The Blue Grotto’s oven, which took 123 days to build and was completed Jan. 31, required a prodigious amount of materials in its construction, including 393 concrete blocks, 982 fire bricks, 216 cubic feet of sand and 778 pounds of marble. With 7,560 square inches of baking surface, the oven supplies enough heat in one month to warm 100 average-sized homes for 10 years. It attains temperatures nearly twice as intense as those supplied by conventional pizza ovens, thus cooking foods at a speed so accelerated that it could be considered the ancients’ answer to the microwave.

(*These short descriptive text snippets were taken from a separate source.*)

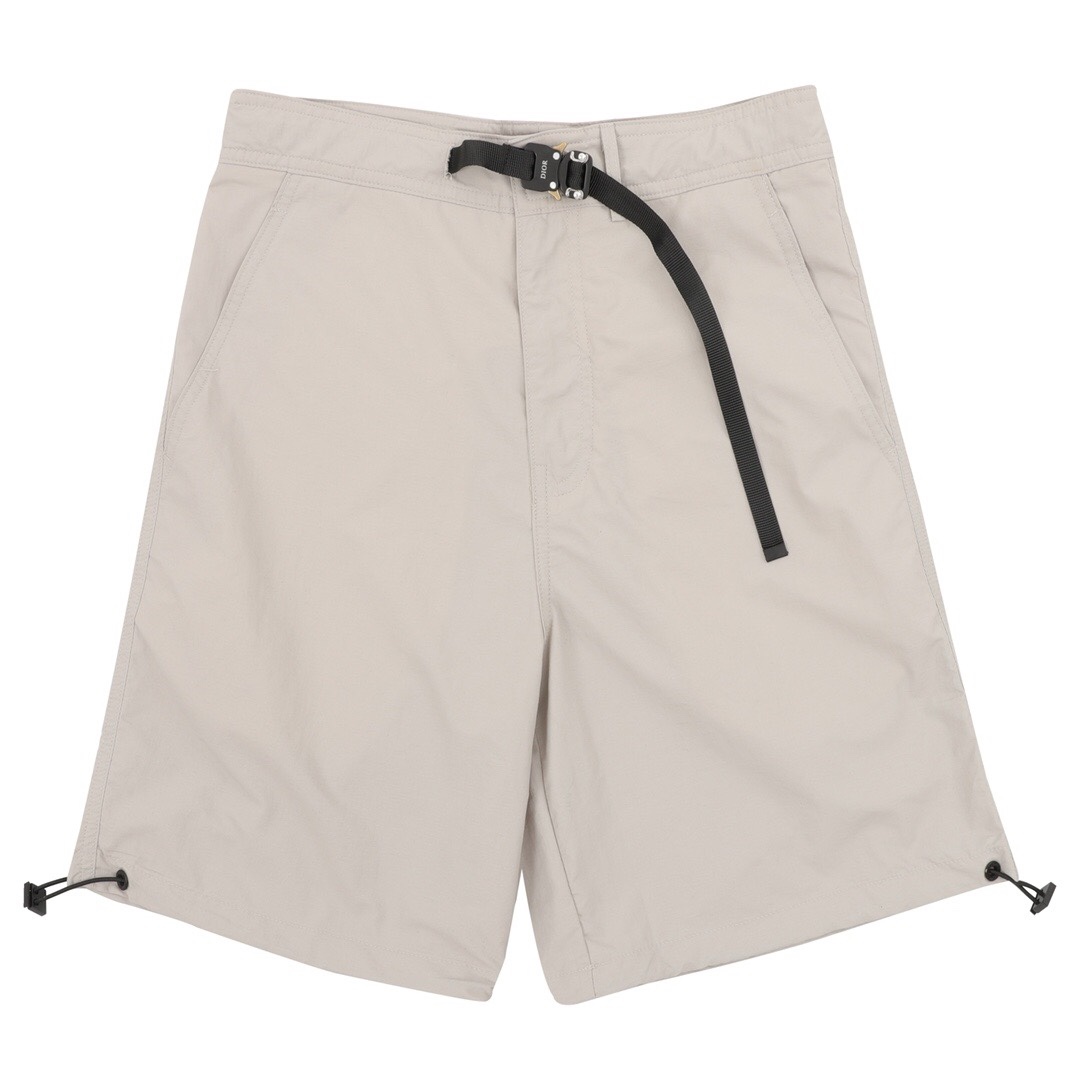 Shorts Dio* serie CD 1947 con cinturón a cuadros, tejidos tecnológicos y amigables con el medio ambiente, eti…
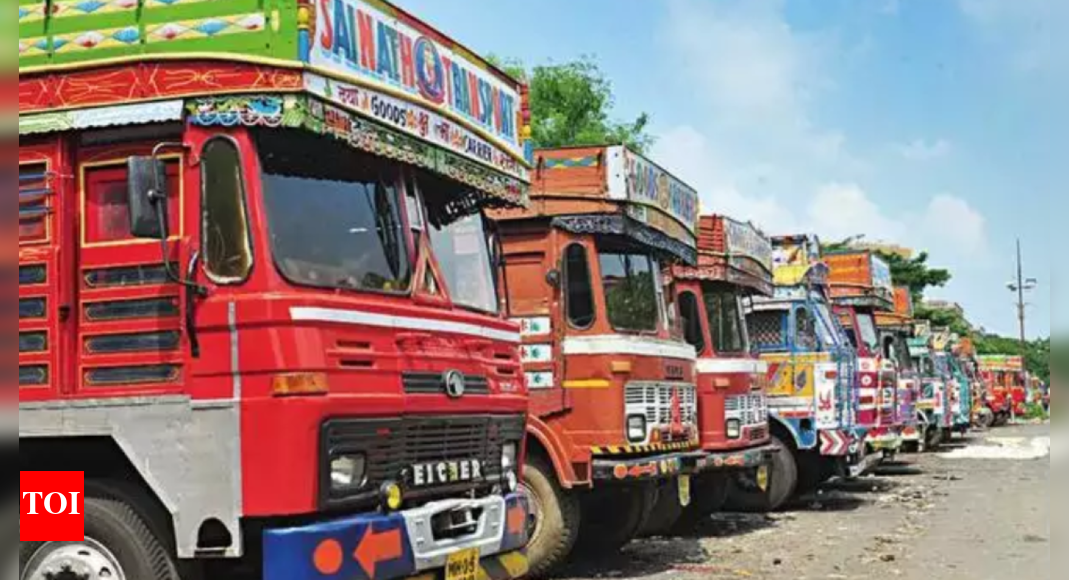 India's Ageing Truck Fleet to Boost Replacement Demand in M&HCV Market
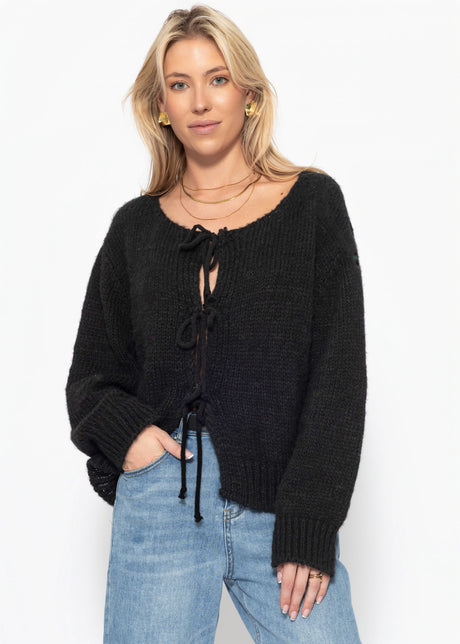 Strickjacke mit Schleifenverschluss - schwarz von SASSYCLASSY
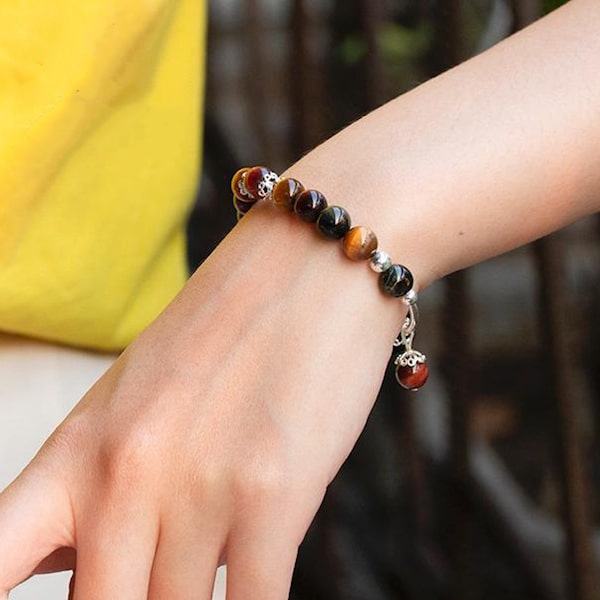 Vòng tay phong thủy đá Mắt Hổ 3 màu 8 ly mix Charm Bạc 925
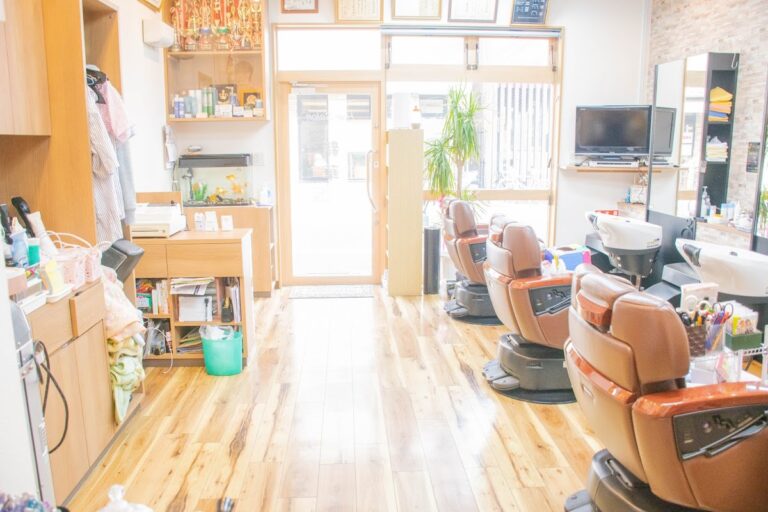 ヘアーサロン新華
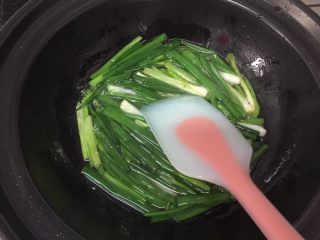 早餐自制手擀葱油捞面,待葱白稍微变色时放入葱绿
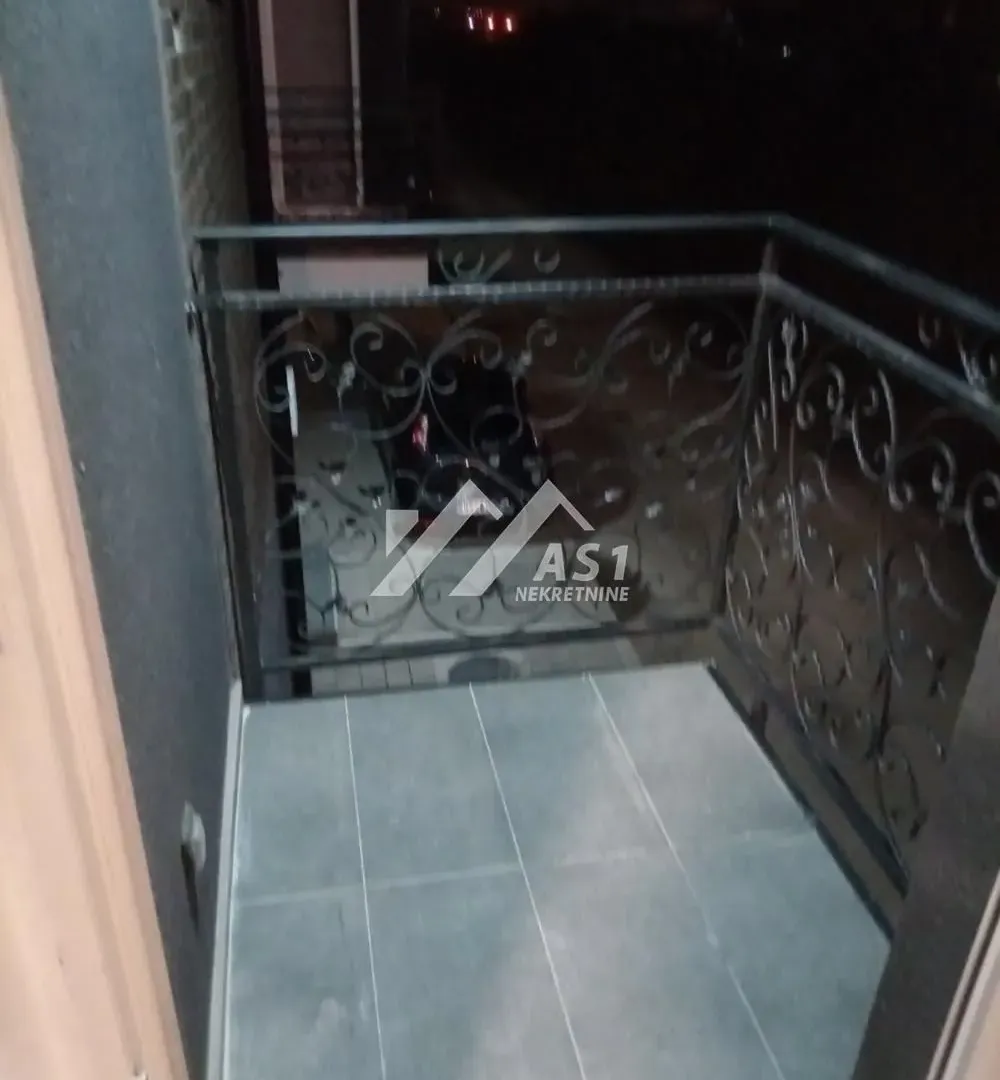 Izdavanje, jednosoban stan, 31m², Adice, Novi Sad Sve Podlokacije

Although pizza and bread might seem to be the primary products of such an oven, The Blue Grotto uses it in the preparation of a surprising number of dishes. And The Blue Grotto prepares a surprising number of dishes, evidently having adopted the stance that it will be all things to all people. Thus the menu, which comprises six full pages, offers a type of international smorgasbord that extends well beyond pizza and numerous Italian favorites to include specialties from the cuisines of Argentina, Spain, Greece, Mexico, France and the United States. The appetizer list alone runs to some two dozen items, and the entrees can be counted by the score.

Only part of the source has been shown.